Don’t become an Expert Beginner

Posted by Alex Bunardzic on Mon 25 October 2021

How to avoid the trap of getting stuck in an Expert Beginner role

Dreyfus model lists five phases of skill acquisition:

  1. Novice
  2. Competent
  3. Proficient
  4. Expert
  5. Master

When paired with what Dreyfus refers to as Mental Functions (Recollection, Recognition, Decision and Awareness), the skill acquisition moves from "following the rules dogmatically without the awareness of the big picture", to "complete grasp of the big picture which manifests in the act of intuitive transcending of rules". So, while a Novice exhibits non-situational recollection, decomposed recognition analytical decision making and monitoring awareness, Master exhibits situational recollection, holistic recognition, intuitive decision making and absorbed awareness. And everything in-between (refer to the table below):

From novice to master

In an optimistic situation, skill levels progress linearly, from Novice to Competent, then from Competent to Proficient, after which we progress from Proficient to Expert, and finally from Expert to Master:

From novice to master 2

Leaving the ultimate level (Mastery) out for the purposes of this discussion, let’s look into how things play out when we introduce a finer grained phase into the picture – Advanced Beginner:

Advanced beginner

While Novices are obviously unsure of what lies ahead in terms of training needed to acquire necessary skills, after spending some time in training and reaching the Advanced Beginner status, trainees now gain much needed confidence. No one likes to feel inadequate, so Novices are extremely motivated to graduate to a higher skill level.

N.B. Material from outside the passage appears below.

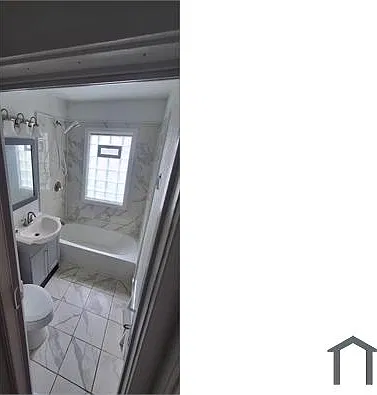 4 bed, 2500 sqft, $2,000 — Photo 2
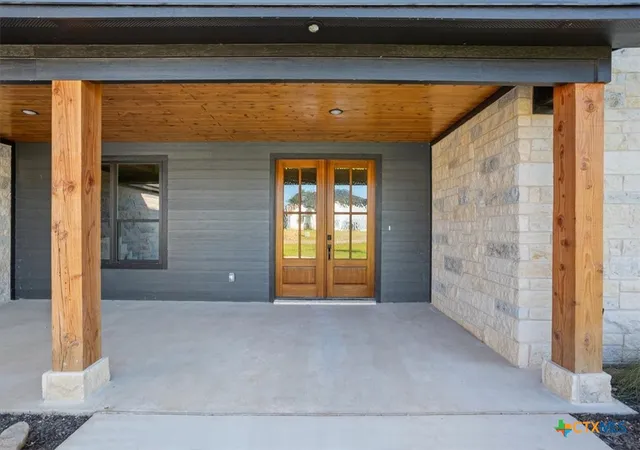 5th image of 109 Cumberland Dr, Belton, TX 76513 | MLS# 607484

Advanced Beginner is that next level. Practitioners reaching Advanced Beginner stage possess some skills but nevertheless lack the insight into the big picture. Because of that lack of insight, Advanced Beginners are in danger of confusing themselves with Experts.

As they continue their skills acquisition trajectory, Advanced Beginners can take two paths:

  1. Graduate to the Competent
  2. Graduate to the Expert Beginner

If they graduate to the Competent stage, they gain the first precious insight into the big picture. At that point, the insight into the big picture (regardless of how incomplete that insight may be) prevents them from confusing themselves with Experts. Competent people are those who know that they don’t know. If Advanced Beginners graduate to the Expert Beginner level, they typically assume that now they’ve graduated to the Expert level, period. That assumption is fortified by the absence of insight into the big picture.

Expert beginner

What is also typical for the Expert Beginner level is that it is reinforced by the optimistic self-assessment which goes something like this: "I know that I’m doing it right because, as an expert, I’m pretty much doing everything right by definition." (i.e., they are still rules-bound).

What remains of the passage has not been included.